What the task asks
Please output the data exactly, minus pictures.

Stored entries
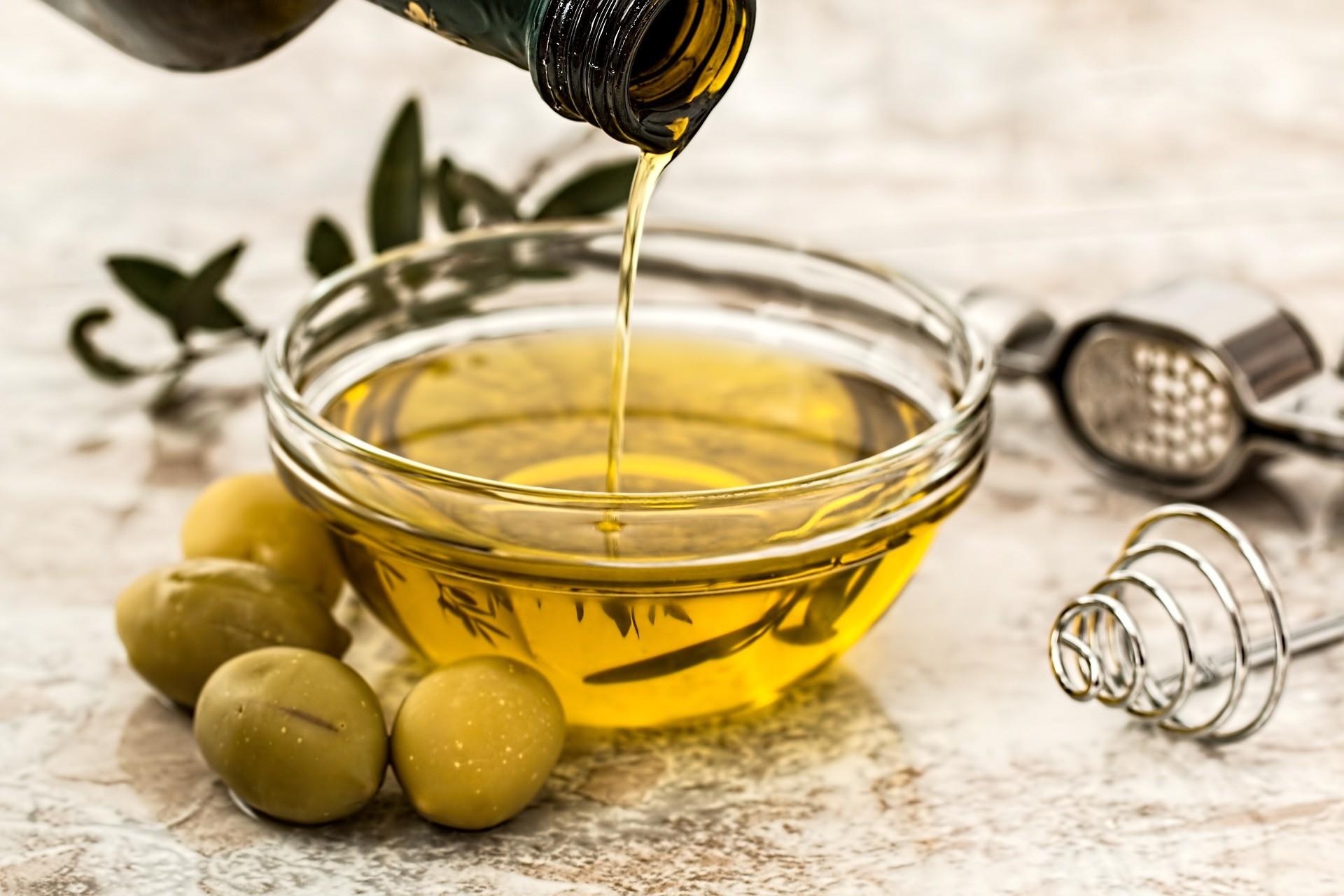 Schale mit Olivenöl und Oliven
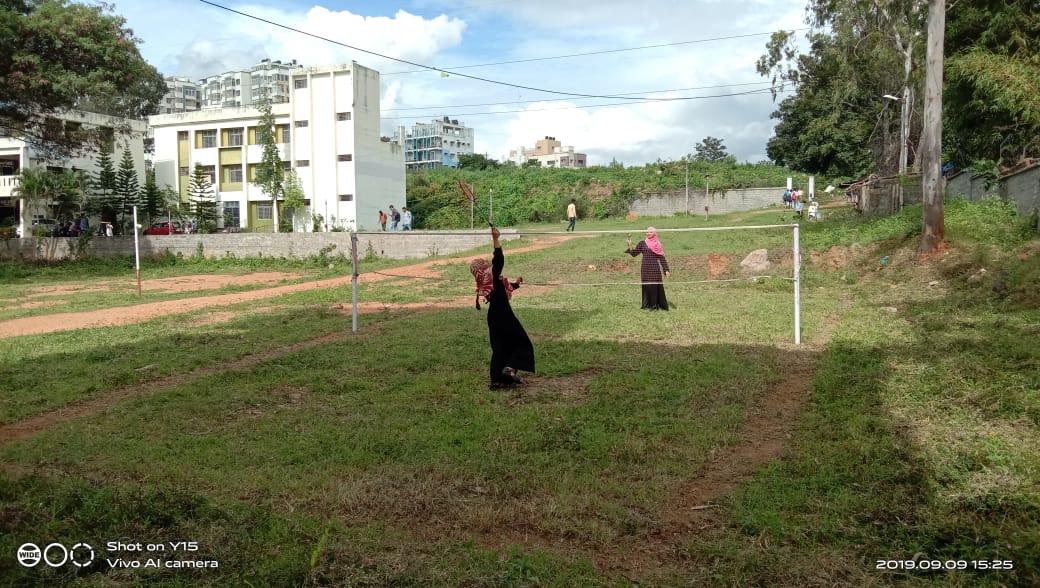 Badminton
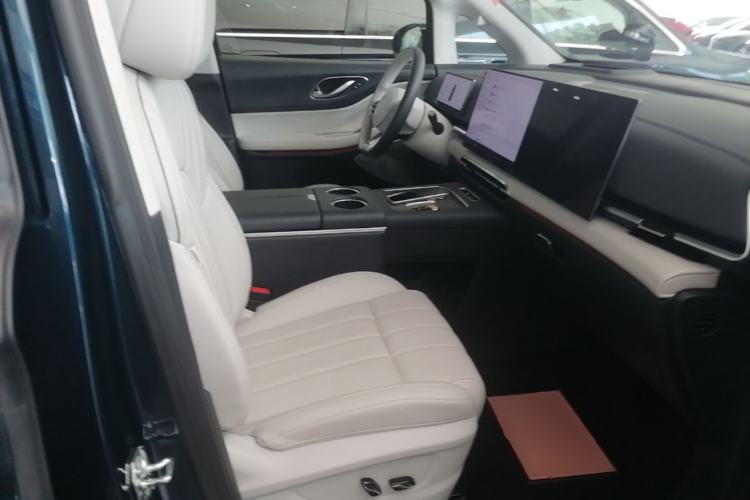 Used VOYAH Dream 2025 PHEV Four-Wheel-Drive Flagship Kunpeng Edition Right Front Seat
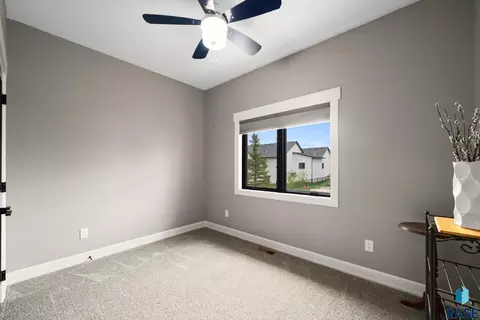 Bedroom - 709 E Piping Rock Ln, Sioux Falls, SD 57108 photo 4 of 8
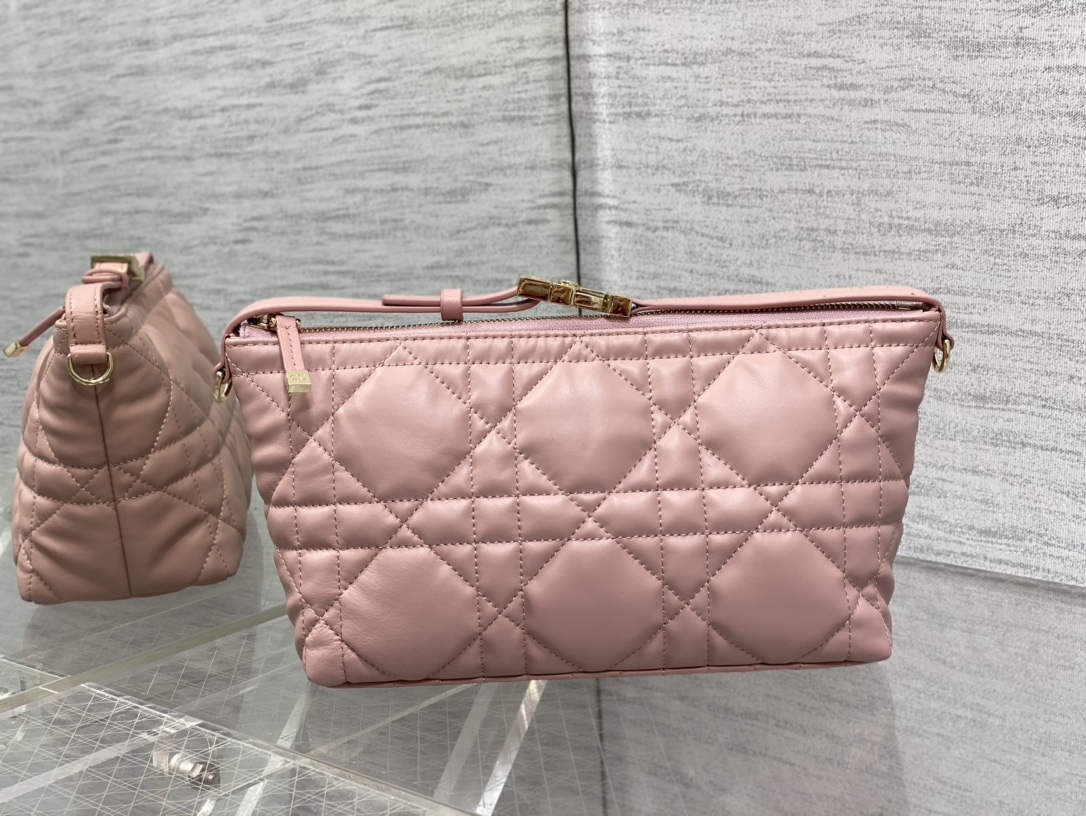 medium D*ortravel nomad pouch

Reply to the exercise
 Schale mit Olivenöl und Oliven
 Badminton
 Used VOYAH Dream 2025 PHEV Four-Wheel-Drive Flagship Kunpeng Edition Right Front Seat
 Bedroom - 709 E Piping Rock Ln, Sioux Falls, SD 57108 photo 4 of 8
 medium D*ortravel nomad pouch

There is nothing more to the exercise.